RECORDS TO PROCESS: Begin

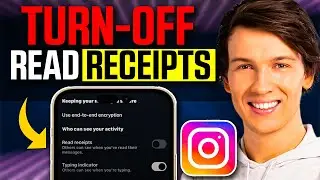 How to Turn Off Read Receipts on Instagram DMs iPhone (2025) | Easy Guide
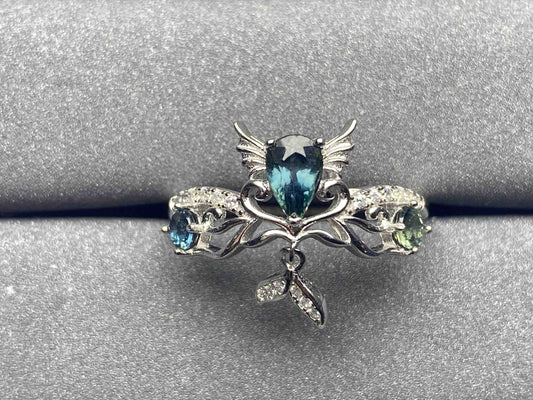 6205 Sapphire Ring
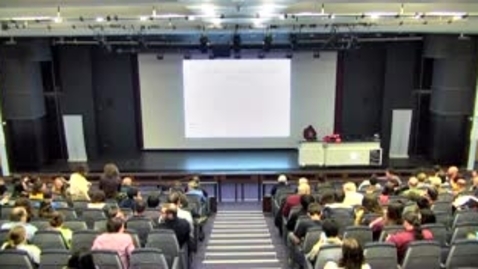 Thumbnail for Prof Jennifer Culbertson - Language is shaped by human cognition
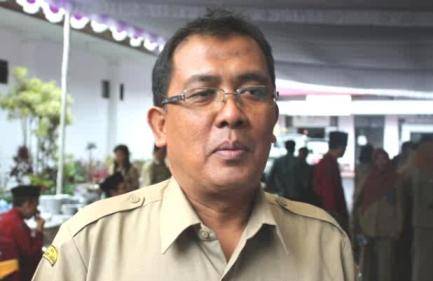 A. Suparto, Kepala BKD Batu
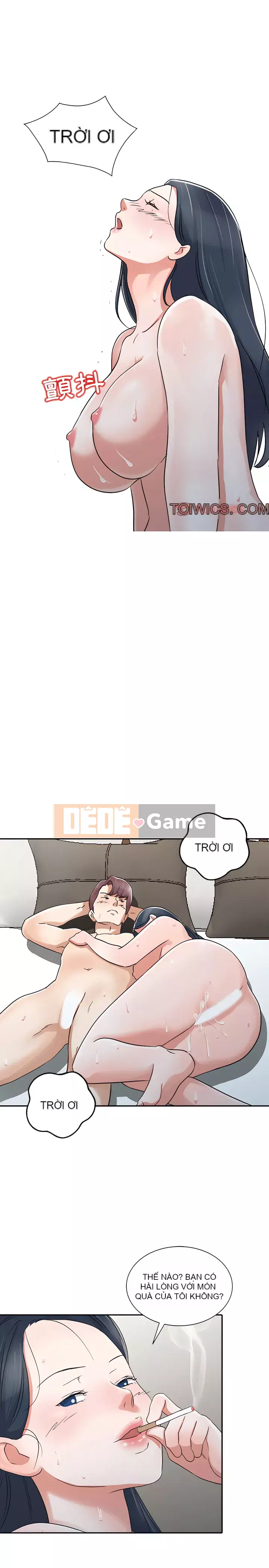 Người phụ nữ của bố Chương 28-29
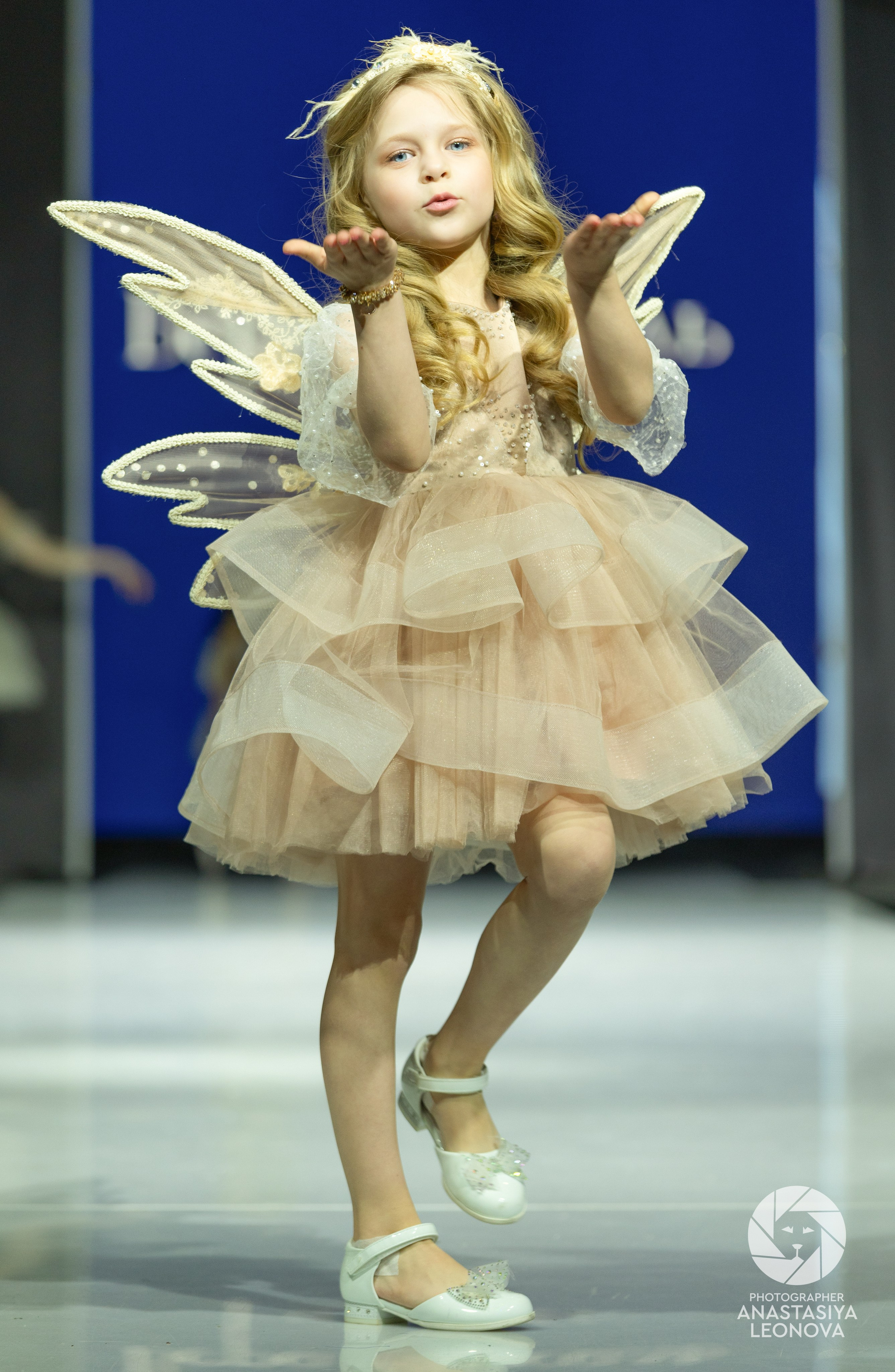 Fashion Week Kids Moscow [spring, 2025]. Anastasia Leonowa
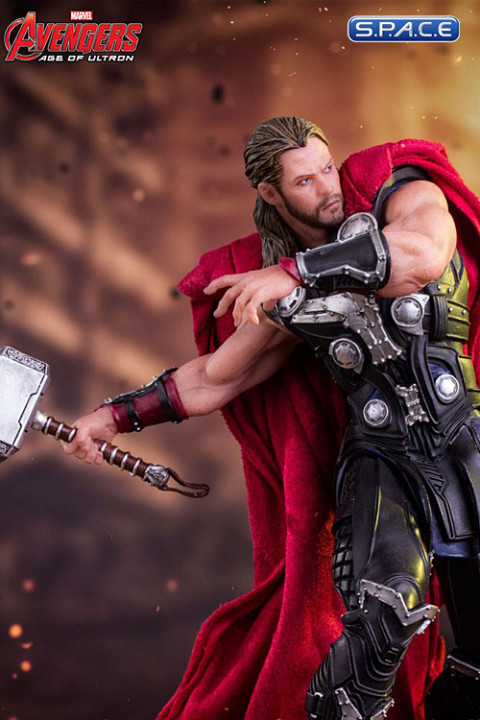 1/10 Scale Thor Statue (Avengers: Age of Ultron)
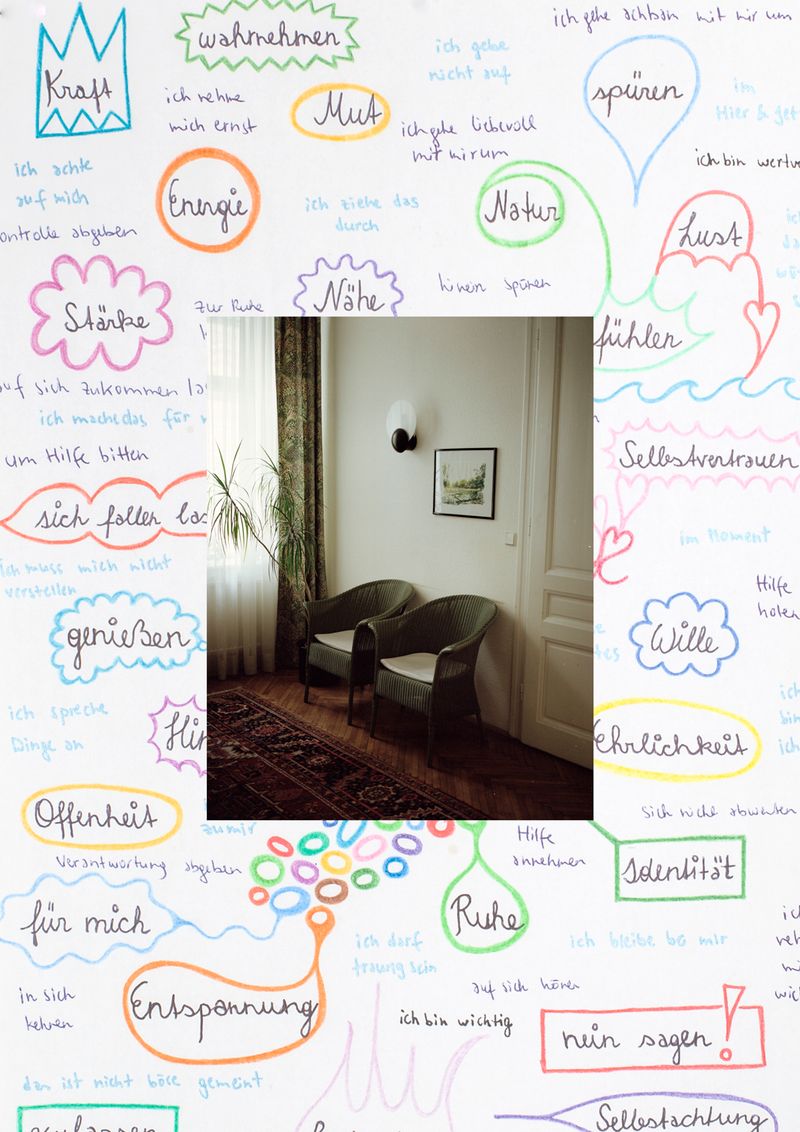 © Mafalda Rakoš - Image from the I want to disappear - approaching eating disorders photography project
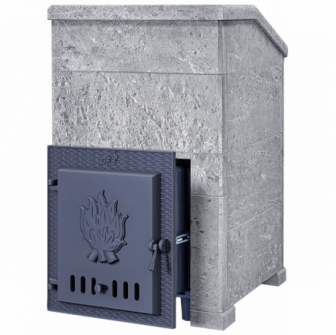 Poêle à bois pour sauna GEFEST - GFS ZK 40 President 1140/60 Stéatite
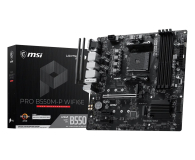 MSI PRO B550M-P WIFI6E - 1592948 - zdjęcie 1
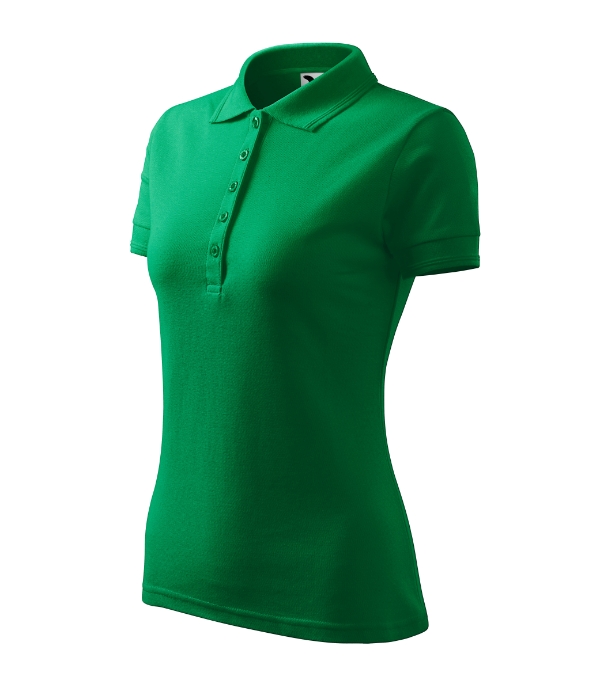 Pique Polo Polo Shirt women’s
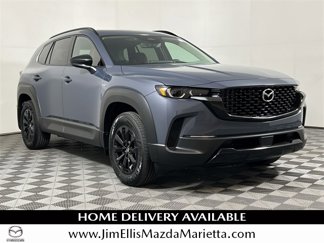 New 2025 MAZDA CX-50 AWD 2.5 Hybrid w/ Weather Package image 1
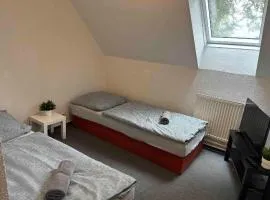 Sport centrum na hřišti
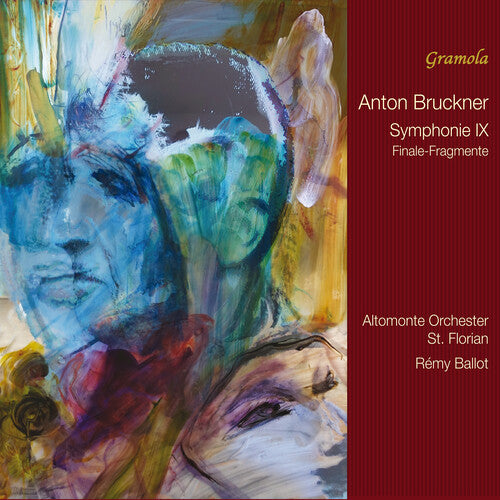 Altomonte Orchester St. Florian - Symphony Ix - Sketches Of The Finale - Music CD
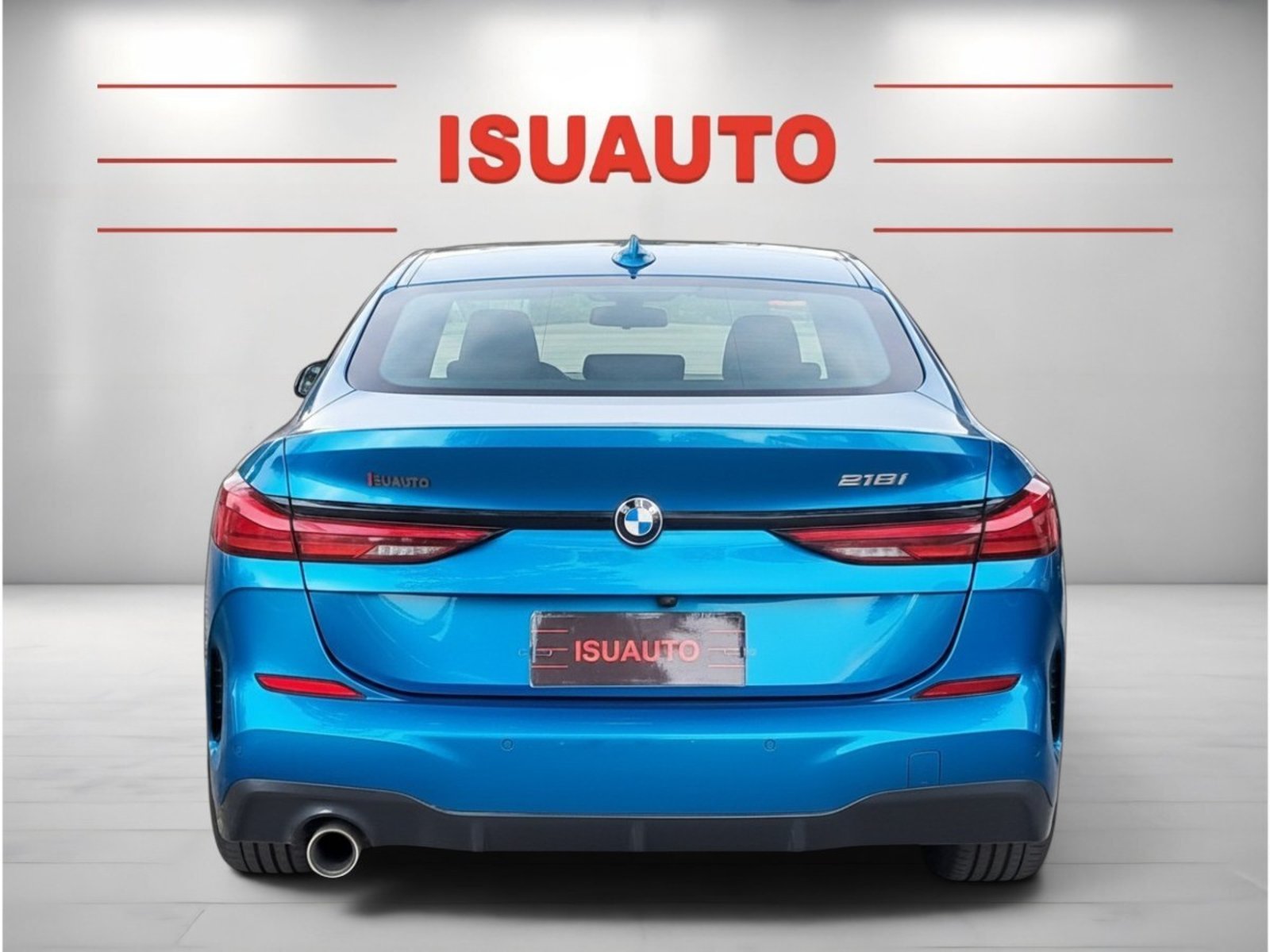 BMW 218I Gran Coupe Look M 1.5 Aut 2025 - Imagen 4 de 10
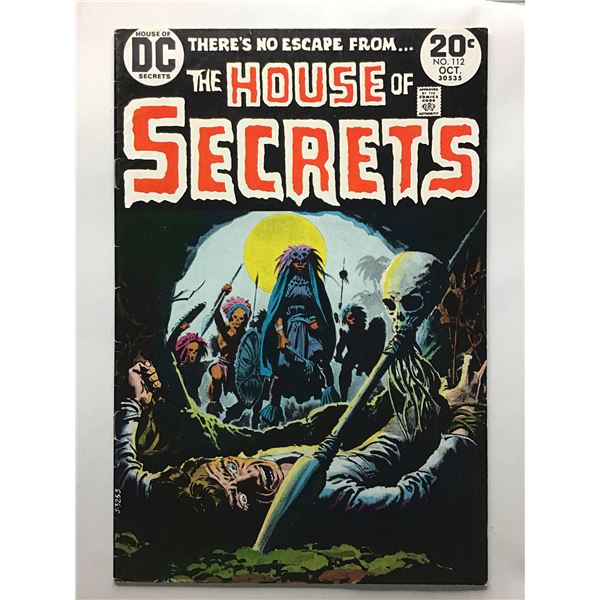 House of Secrets #112 (1973)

RECORDS TO PROCESS: End

TASK DIRECTIONS:
Reproduce exactly the lines above that run from the one with "disorders photography project" to the one with "New 2025 MAZDA", both included, leaving pictures out.

REPLY:
 © Mafalda Rakoš - Image from the I want to disappear - approaching eating disorders photography project
 Poêle à bois pour sauna GEFEST - GFS ZK 40 President 1140/60 Stéatite
 MSI PRO B550M-P WIFI6E - 1592948 - zdjęcie 1
 Pique Polo Polo Shirt women’s
 New 2025 MAZDA CX-50 AWD 2.5 Hybrid w/ Weather Package image 1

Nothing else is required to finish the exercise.